Anyways, my point is we are seeing incredible price inflation in framing lumber. 20%, 25%. Too much demand, not enough supply. It's hard to square the unemployment rate, the small business failure, the stock market rise in the face of declining consumer demand, and the robustness of the economy. Really makes me wonder what is around the corner, and no matter how good our today is, I'm super aware of the trap that is being set in terms of optimism, especially in the marketplace I work in. It's a quandary, since I'm just about ready or have just begun, 8 houses of framing, meaning I'm swimming right into the mouth of the inflation shark. We shall see what we should do, or have to do. Above, pic of all the lumber going up in cost like a runaway train.
It's not a time to be new in business - while the opportunity is large, the risks seem as large.
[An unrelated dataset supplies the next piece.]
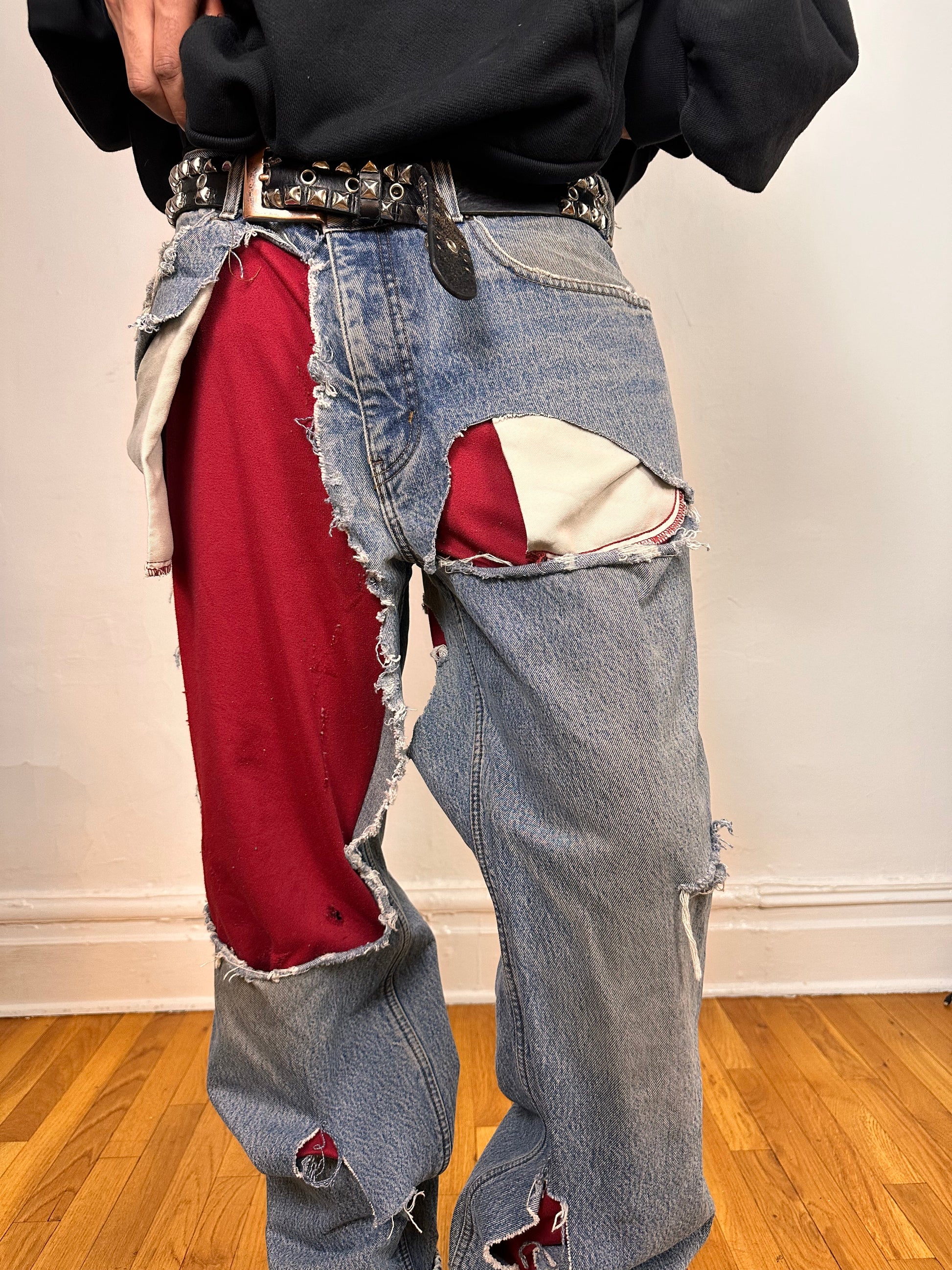 Front close up on ASTROBOI* Eddie Bauer mid blue baggy jeans, 38x36, ripped with flannel lining, relaxed fit, customized in NYC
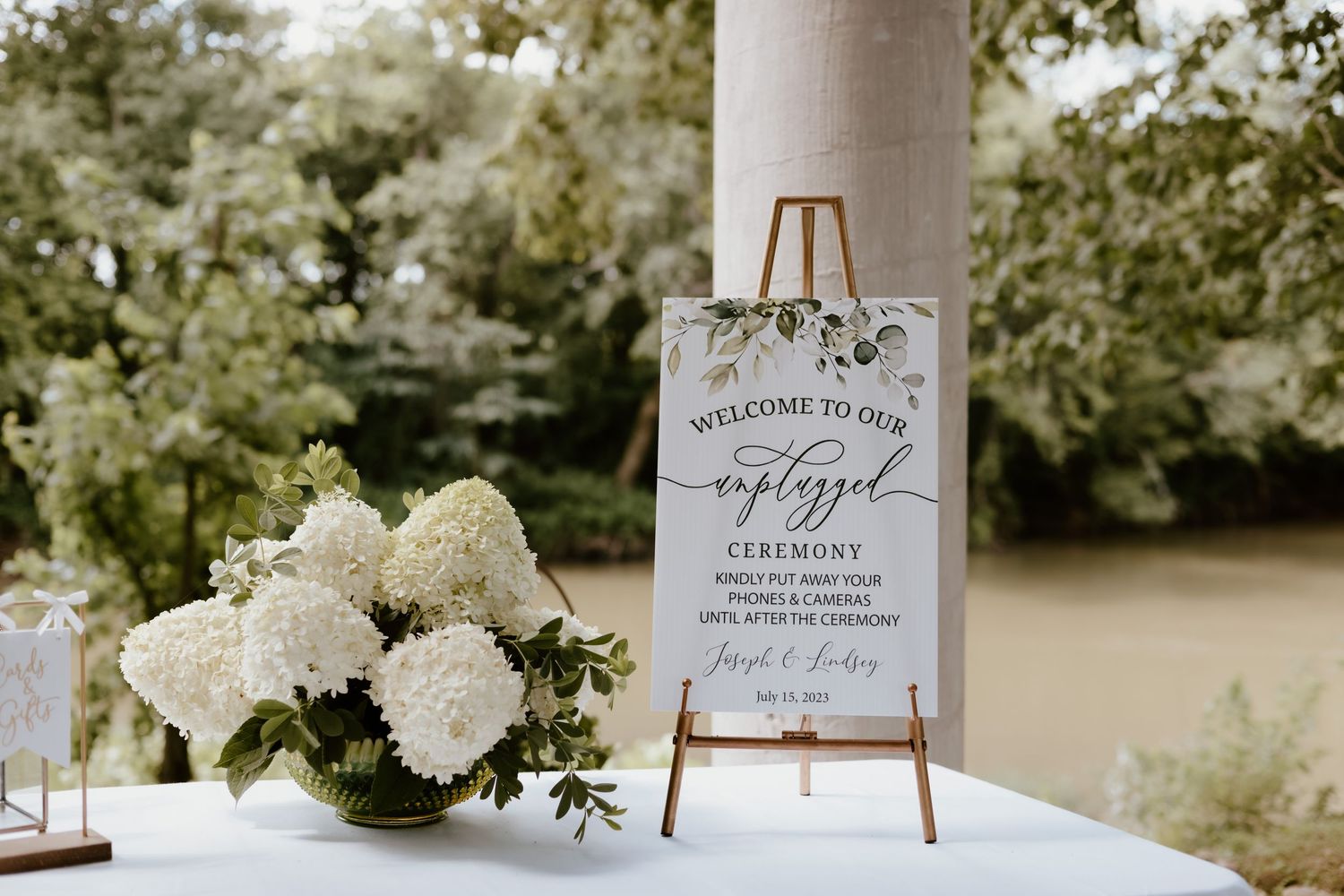 Wedding welcome sign displayed on gold easel next to white hydrangea floral arrangement at outdoor venue.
For instance, the NYTimes comes up with a new article of nonsense, and I don't even mean that meanly, like I normally do.
Most of the article is about a development in Green County that hasn't built a home, hasn't overcome one hurdle, hasn't weathered one unexpected disaster, hasn't put together one team. A NYTimes spread about a home that doesn't exist. They mention Hudson Woods, but from what I hear, while Hudson Woods did build out their project in Kerhonkson, they got their asses kicked by the process, the lack of labor, the lack of subcontractor depth, and even though they were selling houses at twice the price they should have been listed at, was still so unprofitable they decided to do no more. Sleight of hand, selling air, branding over product. I feel our clients are way too smart for that. In fact, I feel our clients are the smartest of the bunch.
But it does get my undershorts a bit in a knot, in a low fever way, because it is so undeserved. It literally doesn't exist and even if they were superstuds, which they never are, we are talking 2 years before someone moves in. This is a story that will harm a lot of lives, with big deposits on homes that are never produced, or produced much in the future at half the promised glory. Seen it, watched it before.
It appears some of the karmic 'for every good thing will be an equally bad thing' existence I had going seems to be fading, but wow, I'd almost give up the tubular rad wave of awesomeness with surf daily for a little less drama.